Given data: Begin
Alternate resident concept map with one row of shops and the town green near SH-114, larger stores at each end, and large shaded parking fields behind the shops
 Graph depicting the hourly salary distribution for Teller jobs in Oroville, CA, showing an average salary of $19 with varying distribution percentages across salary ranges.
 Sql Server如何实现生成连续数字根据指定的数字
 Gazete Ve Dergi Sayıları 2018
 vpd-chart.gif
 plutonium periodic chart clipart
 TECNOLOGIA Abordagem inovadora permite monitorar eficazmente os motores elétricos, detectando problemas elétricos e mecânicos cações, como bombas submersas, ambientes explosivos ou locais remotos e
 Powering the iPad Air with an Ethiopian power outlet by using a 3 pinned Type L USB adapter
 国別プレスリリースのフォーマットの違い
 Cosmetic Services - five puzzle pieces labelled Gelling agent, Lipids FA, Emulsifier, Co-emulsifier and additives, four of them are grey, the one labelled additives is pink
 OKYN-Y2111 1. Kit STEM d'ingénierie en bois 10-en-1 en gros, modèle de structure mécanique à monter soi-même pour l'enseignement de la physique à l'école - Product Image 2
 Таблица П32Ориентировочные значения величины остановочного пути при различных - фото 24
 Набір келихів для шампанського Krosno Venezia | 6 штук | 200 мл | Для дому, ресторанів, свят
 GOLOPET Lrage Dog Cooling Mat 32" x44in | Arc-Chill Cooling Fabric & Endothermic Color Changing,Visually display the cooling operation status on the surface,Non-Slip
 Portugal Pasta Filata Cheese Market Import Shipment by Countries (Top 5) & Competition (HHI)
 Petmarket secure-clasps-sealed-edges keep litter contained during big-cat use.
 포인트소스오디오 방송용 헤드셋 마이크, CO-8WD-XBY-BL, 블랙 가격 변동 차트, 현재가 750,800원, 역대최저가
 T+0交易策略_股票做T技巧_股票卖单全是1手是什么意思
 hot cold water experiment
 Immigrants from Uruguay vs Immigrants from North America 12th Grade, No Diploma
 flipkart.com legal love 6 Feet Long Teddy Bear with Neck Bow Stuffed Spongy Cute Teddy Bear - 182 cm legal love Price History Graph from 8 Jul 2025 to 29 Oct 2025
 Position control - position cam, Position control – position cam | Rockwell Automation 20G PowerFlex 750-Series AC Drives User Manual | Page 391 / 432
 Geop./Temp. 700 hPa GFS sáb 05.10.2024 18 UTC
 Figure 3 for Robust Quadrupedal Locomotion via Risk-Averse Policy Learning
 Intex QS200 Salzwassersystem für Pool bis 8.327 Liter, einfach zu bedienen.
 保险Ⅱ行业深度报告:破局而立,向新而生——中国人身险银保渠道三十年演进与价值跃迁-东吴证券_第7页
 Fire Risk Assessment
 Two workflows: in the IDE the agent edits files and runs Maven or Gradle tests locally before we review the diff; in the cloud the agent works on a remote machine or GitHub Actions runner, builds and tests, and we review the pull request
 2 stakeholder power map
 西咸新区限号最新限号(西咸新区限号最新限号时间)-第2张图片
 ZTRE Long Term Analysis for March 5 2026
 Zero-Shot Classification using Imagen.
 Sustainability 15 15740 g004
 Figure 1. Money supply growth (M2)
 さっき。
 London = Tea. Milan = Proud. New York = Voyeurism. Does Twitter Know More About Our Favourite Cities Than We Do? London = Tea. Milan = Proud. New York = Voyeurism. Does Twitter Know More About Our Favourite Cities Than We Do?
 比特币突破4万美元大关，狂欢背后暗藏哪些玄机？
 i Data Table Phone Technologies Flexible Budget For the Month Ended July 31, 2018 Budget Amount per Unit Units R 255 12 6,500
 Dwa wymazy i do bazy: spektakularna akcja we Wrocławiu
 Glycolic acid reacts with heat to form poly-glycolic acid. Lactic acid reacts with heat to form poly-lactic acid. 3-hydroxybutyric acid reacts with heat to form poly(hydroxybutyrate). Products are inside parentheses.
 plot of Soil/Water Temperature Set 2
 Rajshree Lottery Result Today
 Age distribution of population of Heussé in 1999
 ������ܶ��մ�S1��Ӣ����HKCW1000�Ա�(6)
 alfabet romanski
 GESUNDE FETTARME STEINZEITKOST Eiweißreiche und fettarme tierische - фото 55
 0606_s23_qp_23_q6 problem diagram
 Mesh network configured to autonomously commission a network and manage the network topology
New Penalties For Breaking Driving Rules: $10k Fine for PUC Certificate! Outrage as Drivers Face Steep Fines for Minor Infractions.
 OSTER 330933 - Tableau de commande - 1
Given data: End
**What the exercise asks:**
The first line of the data, the line with "plutonium periodic chart clipart", and all lines in between are to be copied exactly. Leave out everything else.

**Solution:**
Alternate resident concept map with one row of shops and the town green near SH-114, larger stores at each end, and large shaded parking fields behind the shops
 Graph depicting the hourly salary distribution for Teller jobs in Oroville, CA, showing an average salary of $19 with varying distribution percentages across salary ranges.
 Sql Server如何实现生成连续数字根据指定的数字
 Gazete Ve Dergi Sayıları 2018
 vpd-chart.gif
 plutonium periodic chart clipart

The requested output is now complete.